Department of Pediatric Hepatology, Gastroenterology, and Nutrition, National Liver Institute, Menoufia University, 32511 Shebin El-koom, Menoufia, Egypt.
Department of Pathology, National Liver Institute, Menoufia University, 32511 Shebin El-koom, Menoufia, Egypt.
Hepatobiliary Pancreat Dis Int. 2021 Apr;20(2):154-162. doi: 10.1016/j.hbpd.2020.12.007. Epub 2020 Dec 9.
Liver fibrosis is a hallmark determinant of morbidity in biliary atresia (BA) even in successfully operated cases. Responsible factors for this rapid progression of fibrosis are not completely defined. Aberrant expression of the transcription factor SOX9 and hepatic progenitor cells (HPCs) proliferation have roles in fibrogenesis in cholestatic disorders. However, they were not investigated sufficiently in BA. We aimed to delineate the relation of SOX9 and HPCs to fibrosis and its progression in BA.

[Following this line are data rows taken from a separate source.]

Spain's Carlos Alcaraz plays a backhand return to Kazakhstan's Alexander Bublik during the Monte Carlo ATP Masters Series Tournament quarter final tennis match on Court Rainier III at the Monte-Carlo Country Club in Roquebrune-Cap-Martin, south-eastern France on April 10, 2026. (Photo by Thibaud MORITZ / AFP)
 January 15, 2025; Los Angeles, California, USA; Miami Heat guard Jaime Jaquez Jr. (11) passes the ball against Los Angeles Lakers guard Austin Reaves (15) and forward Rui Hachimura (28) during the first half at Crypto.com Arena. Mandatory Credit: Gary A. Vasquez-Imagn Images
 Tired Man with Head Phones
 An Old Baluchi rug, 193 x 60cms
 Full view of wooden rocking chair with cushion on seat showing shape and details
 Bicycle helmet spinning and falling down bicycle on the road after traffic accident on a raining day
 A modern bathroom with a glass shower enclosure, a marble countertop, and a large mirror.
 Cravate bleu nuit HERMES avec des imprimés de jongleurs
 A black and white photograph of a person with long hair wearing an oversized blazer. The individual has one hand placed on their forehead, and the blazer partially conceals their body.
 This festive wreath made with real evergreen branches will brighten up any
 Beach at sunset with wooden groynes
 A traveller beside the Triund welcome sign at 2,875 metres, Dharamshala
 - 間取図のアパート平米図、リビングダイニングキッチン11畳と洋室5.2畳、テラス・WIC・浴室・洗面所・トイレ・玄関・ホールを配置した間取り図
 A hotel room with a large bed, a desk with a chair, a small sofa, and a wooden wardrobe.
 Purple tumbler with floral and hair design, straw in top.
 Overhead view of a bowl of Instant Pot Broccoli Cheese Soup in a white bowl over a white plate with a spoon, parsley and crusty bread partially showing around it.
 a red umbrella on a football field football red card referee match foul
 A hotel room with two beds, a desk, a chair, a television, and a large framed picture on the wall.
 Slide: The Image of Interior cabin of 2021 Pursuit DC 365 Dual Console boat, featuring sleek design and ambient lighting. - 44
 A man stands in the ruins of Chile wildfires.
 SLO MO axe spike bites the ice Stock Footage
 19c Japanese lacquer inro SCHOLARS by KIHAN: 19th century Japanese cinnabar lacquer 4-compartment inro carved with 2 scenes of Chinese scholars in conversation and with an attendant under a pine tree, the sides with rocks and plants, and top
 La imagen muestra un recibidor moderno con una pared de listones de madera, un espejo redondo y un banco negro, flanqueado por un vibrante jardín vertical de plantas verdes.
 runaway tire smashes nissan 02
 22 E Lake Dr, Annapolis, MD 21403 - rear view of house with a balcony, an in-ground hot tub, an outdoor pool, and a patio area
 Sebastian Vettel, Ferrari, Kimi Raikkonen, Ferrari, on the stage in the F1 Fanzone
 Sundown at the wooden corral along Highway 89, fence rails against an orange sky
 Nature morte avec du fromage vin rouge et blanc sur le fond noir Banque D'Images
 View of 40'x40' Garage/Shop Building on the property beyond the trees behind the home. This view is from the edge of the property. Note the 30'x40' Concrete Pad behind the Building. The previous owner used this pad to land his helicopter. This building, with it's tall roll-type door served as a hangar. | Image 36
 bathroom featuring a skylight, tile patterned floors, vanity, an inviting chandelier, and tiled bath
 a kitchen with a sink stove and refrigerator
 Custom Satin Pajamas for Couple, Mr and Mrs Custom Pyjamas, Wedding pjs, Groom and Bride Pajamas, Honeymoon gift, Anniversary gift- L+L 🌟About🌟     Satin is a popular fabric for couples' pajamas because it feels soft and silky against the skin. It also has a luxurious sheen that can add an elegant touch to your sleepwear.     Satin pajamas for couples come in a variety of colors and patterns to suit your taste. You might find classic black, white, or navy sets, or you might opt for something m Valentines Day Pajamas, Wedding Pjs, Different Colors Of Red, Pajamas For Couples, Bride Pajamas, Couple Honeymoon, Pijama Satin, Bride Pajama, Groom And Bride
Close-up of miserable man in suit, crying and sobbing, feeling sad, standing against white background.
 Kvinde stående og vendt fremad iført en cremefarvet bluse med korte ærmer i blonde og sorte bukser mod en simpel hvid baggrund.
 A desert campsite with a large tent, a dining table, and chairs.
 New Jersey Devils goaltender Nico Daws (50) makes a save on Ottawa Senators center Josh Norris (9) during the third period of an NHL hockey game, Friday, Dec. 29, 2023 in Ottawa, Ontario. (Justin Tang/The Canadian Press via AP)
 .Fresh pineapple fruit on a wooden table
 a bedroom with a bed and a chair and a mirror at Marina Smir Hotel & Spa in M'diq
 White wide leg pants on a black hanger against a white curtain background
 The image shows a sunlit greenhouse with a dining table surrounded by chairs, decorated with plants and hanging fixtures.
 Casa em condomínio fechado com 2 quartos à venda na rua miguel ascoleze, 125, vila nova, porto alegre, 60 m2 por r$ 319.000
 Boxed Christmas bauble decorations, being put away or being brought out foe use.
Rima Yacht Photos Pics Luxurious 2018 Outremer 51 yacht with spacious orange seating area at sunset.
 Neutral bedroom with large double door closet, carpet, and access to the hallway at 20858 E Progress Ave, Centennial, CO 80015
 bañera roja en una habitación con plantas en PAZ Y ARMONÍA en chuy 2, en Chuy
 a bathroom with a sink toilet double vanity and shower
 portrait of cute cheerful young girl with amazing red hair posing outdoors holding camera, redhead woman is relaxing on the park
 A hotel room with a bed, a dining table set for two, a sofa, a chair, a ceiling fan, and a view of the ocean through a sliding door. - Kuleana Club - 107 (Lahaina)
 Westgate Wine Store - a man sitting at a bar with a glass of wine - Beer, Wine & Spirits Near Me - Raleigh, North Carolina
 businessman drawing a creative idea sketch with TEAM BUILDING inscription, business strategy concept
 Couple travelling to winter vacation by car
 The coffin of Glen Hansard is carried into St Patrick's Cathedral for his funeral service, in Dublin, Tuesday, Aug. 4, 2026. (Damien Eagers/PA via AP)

Forty-eight patients with BA who underwent an initial diagnostic liver biopsy (LB) and consequent intraoperative LB were recruited and compared to 28 cases with non-BA cholestasis that had an LB in their diagnostic workup. Liver fibrosis, tissue SOX9 and HPC expressions were studied in both BA and non-BA-cholestasis cases. Liver fibrosis, SOX9, and HPCs' dynamic changes in BA cases were assessed. Relation of fibrosis and its progression to SOX9 and HPCs in BA was assessed.
SOX9 and HPCs in ductular reaction (DR) form were expressed in 100% of BA and their grades increased significantly in the second biopsy. The rapidly progressive fibrosis in BA, represented by fibrosis grade of the intraoperative LB, correlated significantly to SOX9-DR and HPC-DR at the diagnostic (r = 0.420, P = 0.003 and r = 0.405, P = 0.004, respectively) and the intraoperative (r = 0.460, P = 0.001 and r = 0.467, P = 0.001, respectively) biopsy. On the other hand, fibrosis, SOX9-DR, and HPC-DR were significantly lower in non-BA cases at a comparable age (P < 0.001, P = 0.006, and P = 0.014, respectively).
Fibrosis in BA is rapidly progressive within a short time and is significantly correlated to SOX9 and HPCs. Assessment of targeting SOX9 and HPCs on fibrosis progression is warranted.
即使在胆道闭锁(BA)的手术成功病例中,肝纤维化也是发病率的一个重要决定因素。导致纤维化快速进展的因素尚未完全明确。转录因子 SOX9 的异常表达和肝祖细胞(HPCs)的增殖在胆汁淤积性疾病的纤维化形成中起作用。然而,它们在 BA 中的研究还不够充分。我们旨在阐明 SOX9 和 HPCs 与 BA 中的纤维化及其进展的关系。
招募了 48 例接受初次诊断性肝活检(LB)和随后的术中 LB 的 BA 患者,并与 28 例具有诊断性工作的非 BA 胆汁淤积患者进行比较。研究了 BA 和非 BA 胆汁淤积患者的肝纤维化、组织 SOX9 和 HPC 表达。评估了 BA 病例中肝纤维化、SOX9 和 HPCs 的动态变化。评估了 BA 中纤维化及其进展与 SOX9 和 HPCs 的关系。
100%的 BA 中均有胆管反应(DR)中 SOX9 和 HPCs 的表达,其在第二次活检中的分级显著增加。以术中 LB 的纤维化分级为代表的 BA 中快速进展的纤维化与诊断时的 SOX9-DR 和 HPC-DR 显著相关(r=0.420,P=0.003 和 r=0.405,P=0.004)和术中(r=0.460,P=0.001 和 r=0.467,P=0.001)活检。另一方面,在可比年龄时,非 BA 病例的纤维化、SOX9-DR 和 HPC-DR 显著降低(P<0.001,P=0.006 和 P=0.014)。
BA 中的纤维化在短时间内迅速进展,与 SOX9 和 HPCs 显著相关。评估针对 SOX9 和 HPCs 的纤维化进展具有一定的必要性。